(DATA)

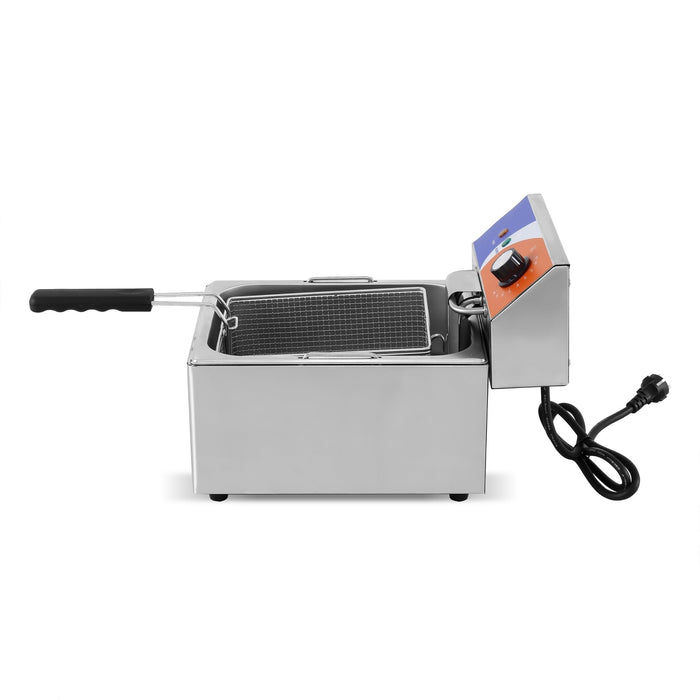 Freidora eléctrica 1 cuba 6 litros sin grifo EF - 6L - FrigeriaHosteleria.com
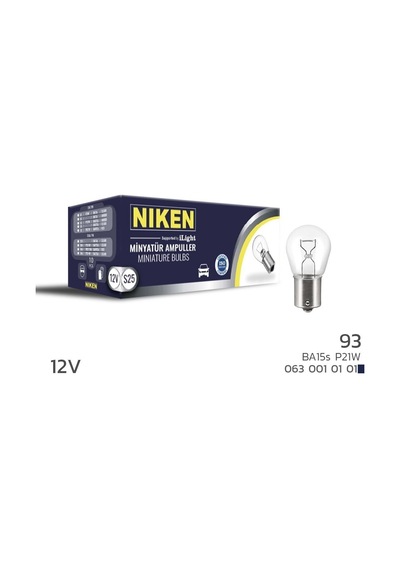 Niken 12v 93 Ampul P21w Ba15s 10 Lu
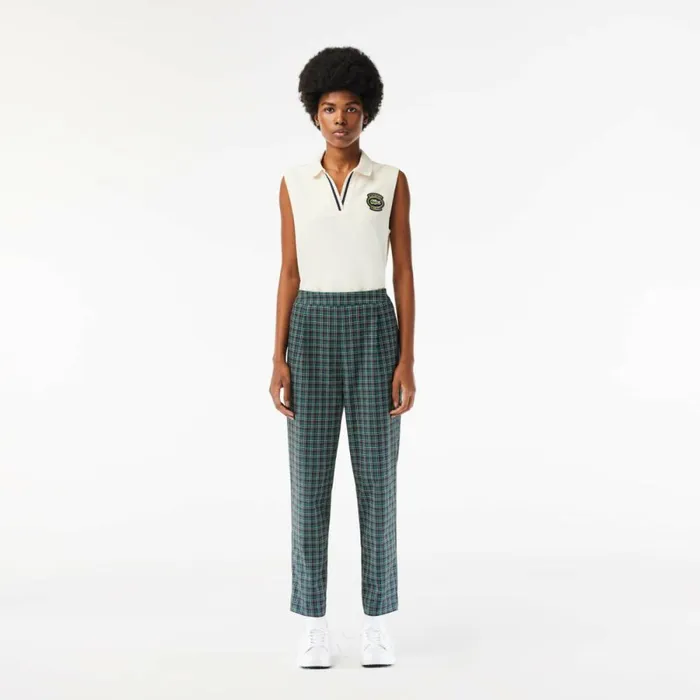 Pants and Leggings Women Lacoste Women039s 78 Length Stretch Twill Golf Pants Navy Blue White Qrn Pants and Leggings Women Lacoste Women039s 78 Length Stretch Twill Golf Pants Navy Blue White Qrn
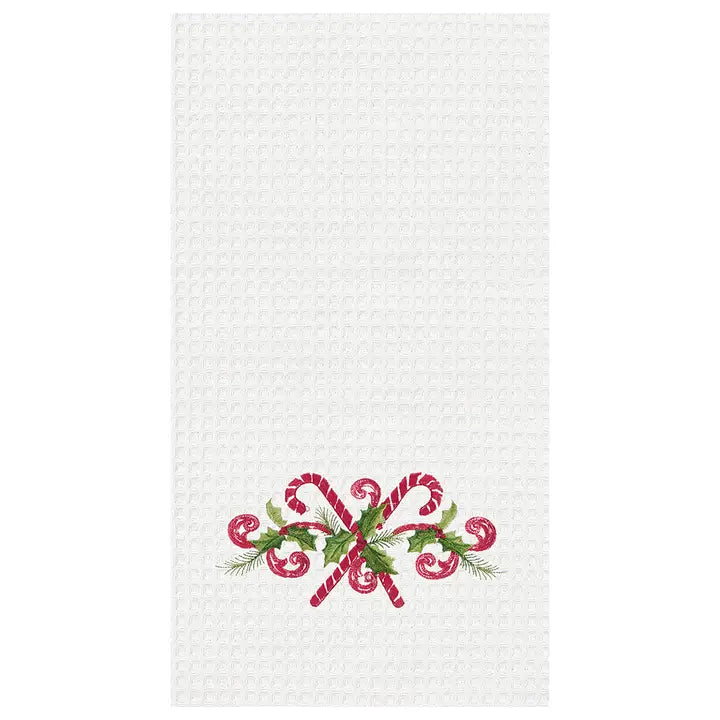 Christmas Candy Canes Kitchen Towel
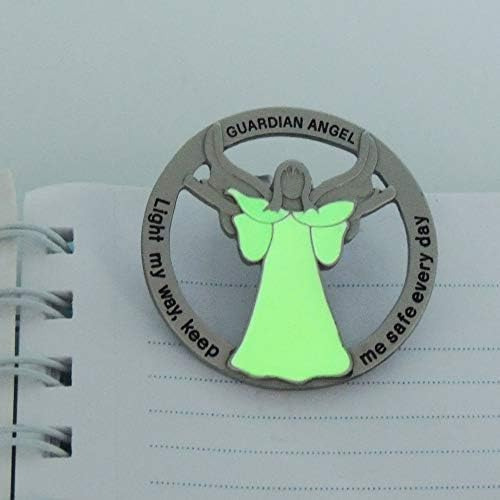 Light My Way Guardian Angel Clip Para Visera De Automóvil, B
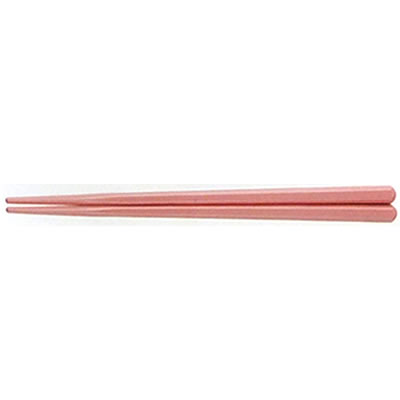 ■15セット■19.5cm 六角先端角箸 ピンク（ホタテ貝抗菌）■15セット■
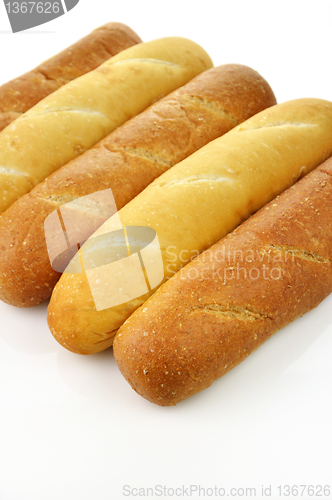 Image of white and dark loaf of bread 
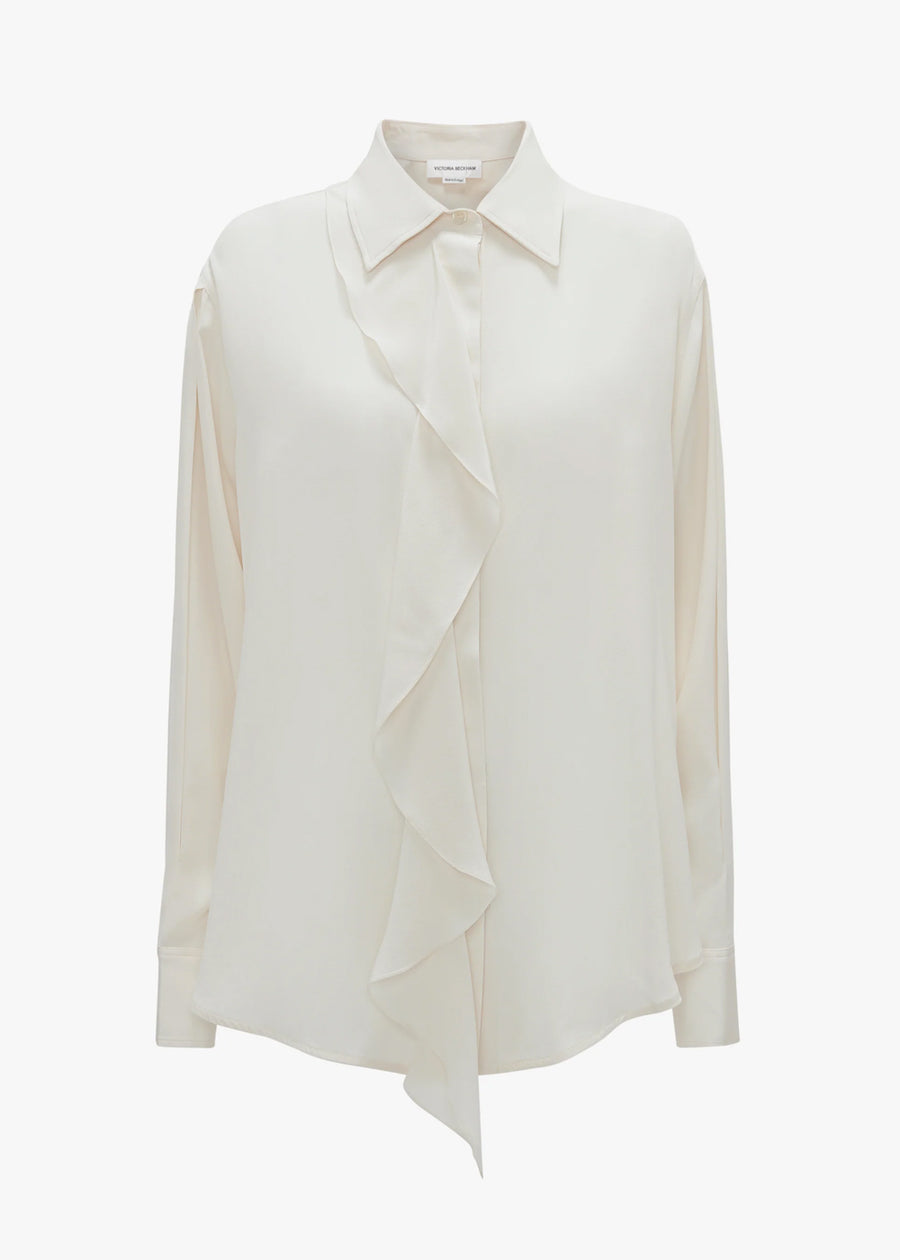 Victoria Beckham Ruffle Detail Blouse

(WHAT TO DO) Please print the lines exactly, from the top of the material through the line with "Niken 12v 93 Ampul P21w Ba15s 10 Lu", and omit the pictures.

(ANSWER AREA)
 Freidora eléctrica 1 cuba 6 litros sin grifo EF - 6L - FrigeriaHosteleria.com
 Niken 12v 93 Ampul P21w Ba15s 10 Lu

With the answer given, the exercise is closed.